Scientific production in the era of large language models
With the production process rapidly evolving, science policy must consider how institutions could evolve
An interesting policy article was published in Science last month.
Keigo Kusumegi et al. Scientific production in the era of large language models. Science 390, 1240-1243 (2025). DOI:10.1126/science.adw3000.
The study set out to understand the macro-level impact of LLMs on the scientific enterprise. It’s a short paper, and it’s worth reading in full.

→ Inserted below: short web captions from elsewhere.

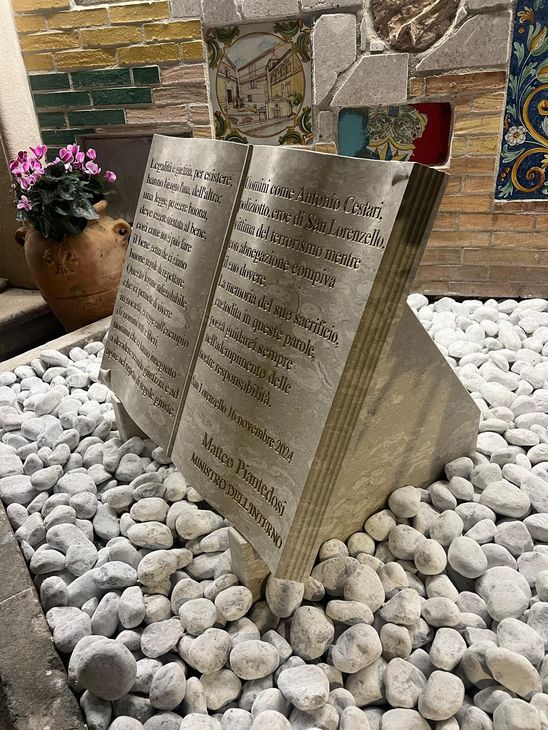 Scultura a forma di libro aperto in metallo, posizionata su ciottoli bianchi in un'ambientazione decorativa da giardino.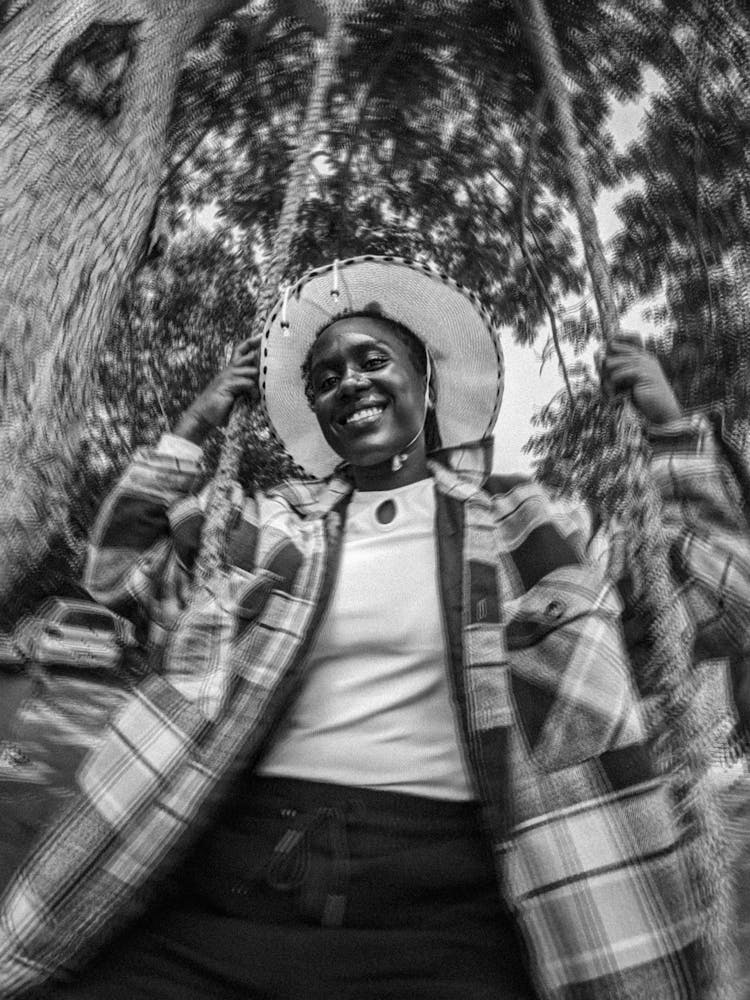 Black And White Photo Of A Woman On A Swing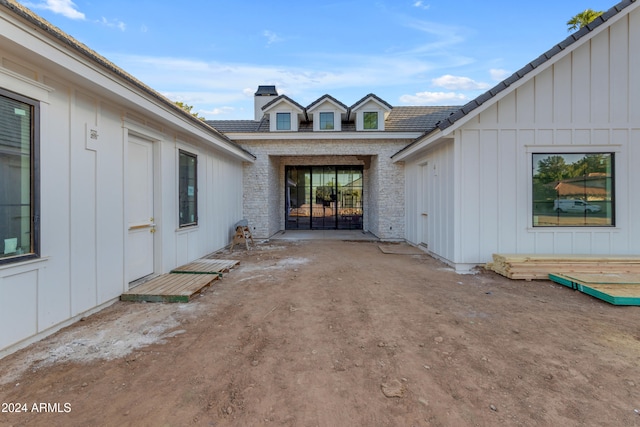 view of exterior entry with a patio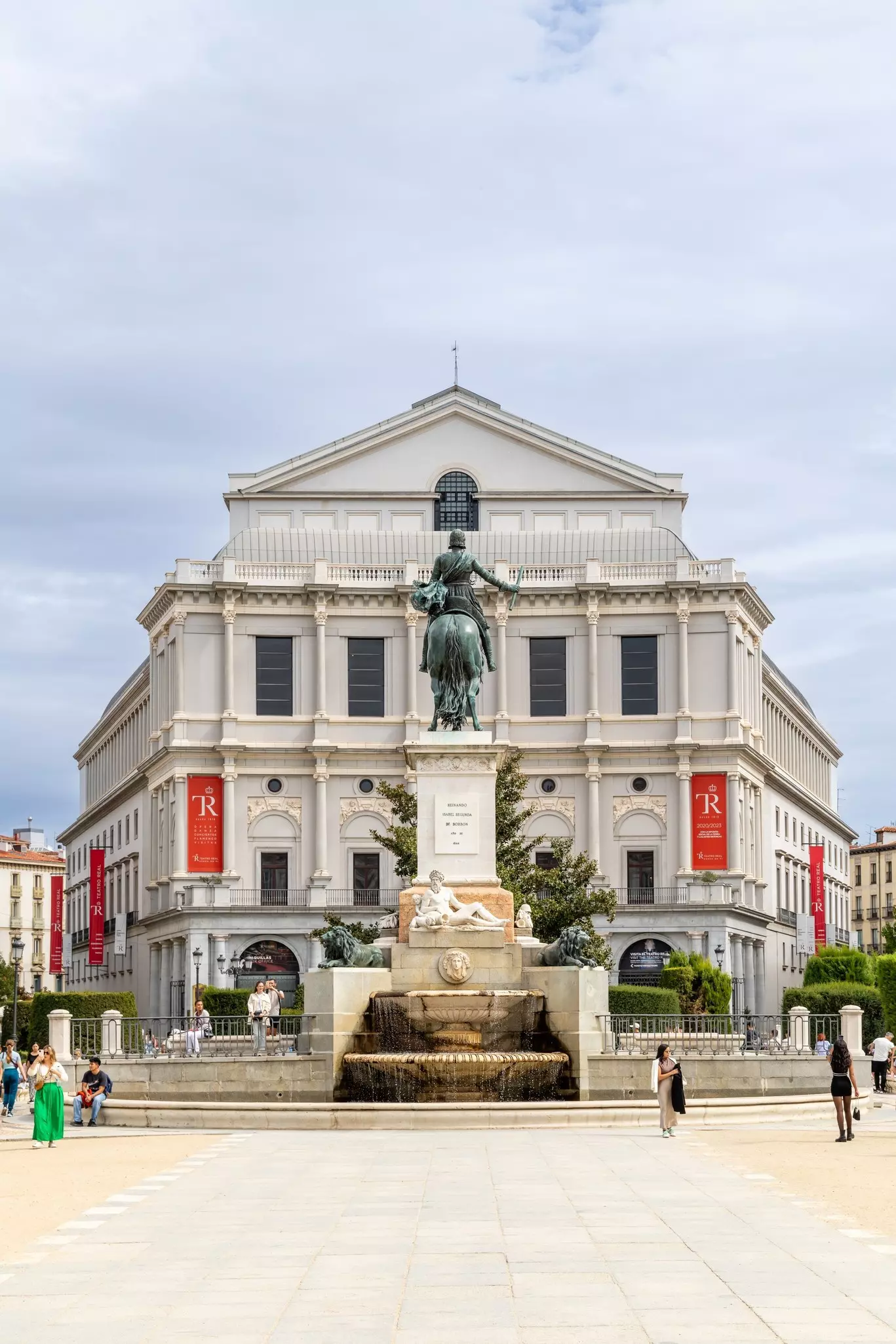 Facade of the Real Theater of Madrid with tourists walking around in Madrid, Spain.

A clever approach to identifying LLM assistance
AI detectors are notoriously unreliable. But that’s because most of the time you hear about these they’re used for making individual assessments: Did this student write the essay with Chat? Was this manuscript written by Claude? Here the authors took an interesting approach, and suspected LLM-assistance usage was used for making statistical inferences on a population, not individual papers.
Here’s the gist. They collected millions of preprints from arXiv, bioRxiv, and SSRN from 2018-2024. They examined the word distribution of papers submitted prior to 2023 (pre-ChatGPT) to estimate the word distribution of human-written text.
Then they asked ChatGPT to rewrite the abstracts of all these papers, and did the same analysis to get the word distribution for LLM-assisted writing. It’s not perfect, but quantifying the difference in word distribution between known-human written text and known LLM-written text can help identify probable LLM-assisted abstracts written after the release of ChatGPT. Again, it’s problematic if individual decisions were being made on this or that paper, but as a tool to probabilistically bin papers into LLM-assistance-yes and LLM-assistance-no for downstream statistical analysis isn’t as problematic because some error is expected and tolerated in any kind of statistical inference application.
They identified an author’s initial adoption of LLMs by marking the first manuscript that exhibited statistical signatures of LLM assistance above some detection threshold. Here are the two main findings.
1. Productivity goes up after adopting LLMs
Between January 2022 and July 2024, the number of preprints published once an author had adopted LLMs in their writing increased by 36.2% relative to nonadopters.
That one’s no surprise. Here’s the really interesting one.
2. Writing complexity for LLM-assisted manuscripts is correlated with a lower probability of being published, but the relationship is inverted for human-written text.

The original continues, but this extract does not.